- _TASK INSTRUCTIONS_: Copy the material below verbatim from the line with "Arthur Ashe playing" to the line with "istock Successful business", both lines included, omitting pictures and every line outside that range.

- _SOURCE DATA_:

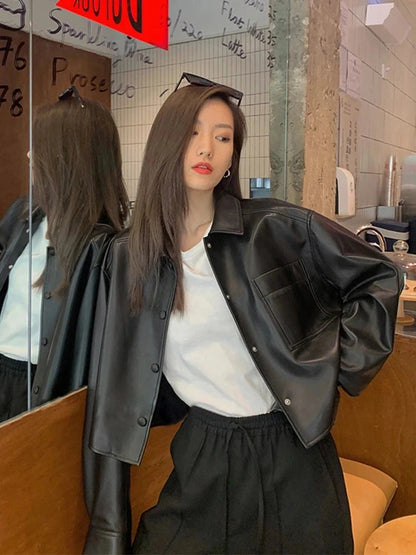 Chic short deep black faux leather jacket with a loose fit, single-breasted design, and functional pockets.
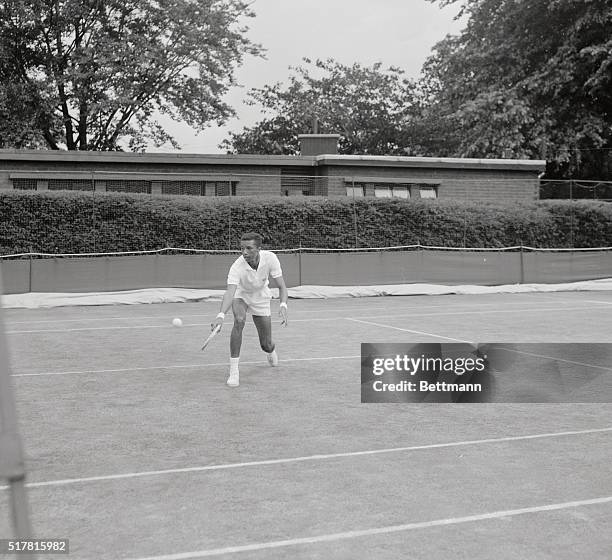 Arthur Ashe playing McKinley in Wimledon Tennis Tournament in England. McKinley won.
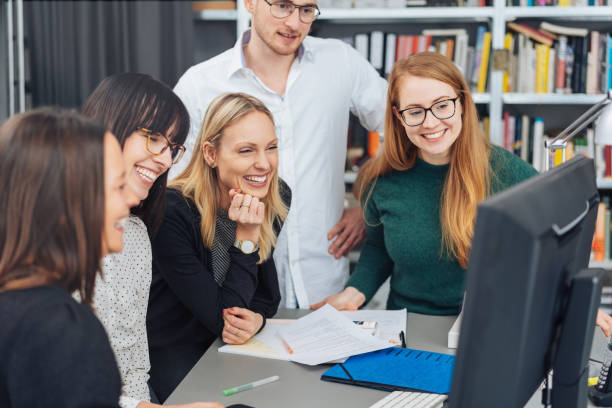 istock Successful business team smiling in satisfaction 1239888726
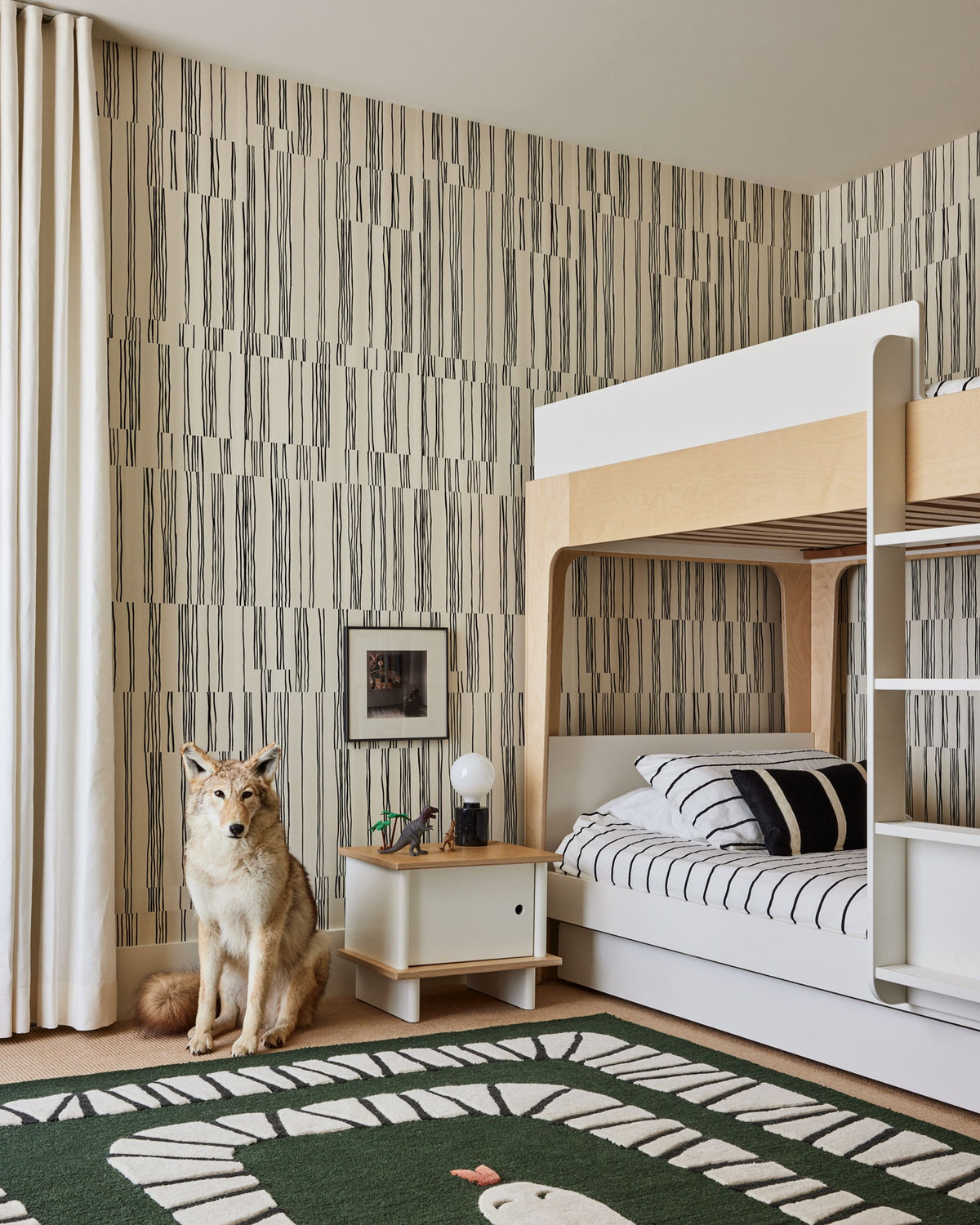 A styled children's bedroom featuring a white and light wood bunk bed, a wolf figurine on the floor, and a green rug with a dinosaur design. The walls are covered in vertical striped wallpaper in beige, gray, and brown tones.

- _EXERCISE RESULT_:
 Arthur Ashe playing McKinley in Wimledon Tennis Tournament in England. McKinley won.
 istock Successful business team smiling in satisfaction 1239888726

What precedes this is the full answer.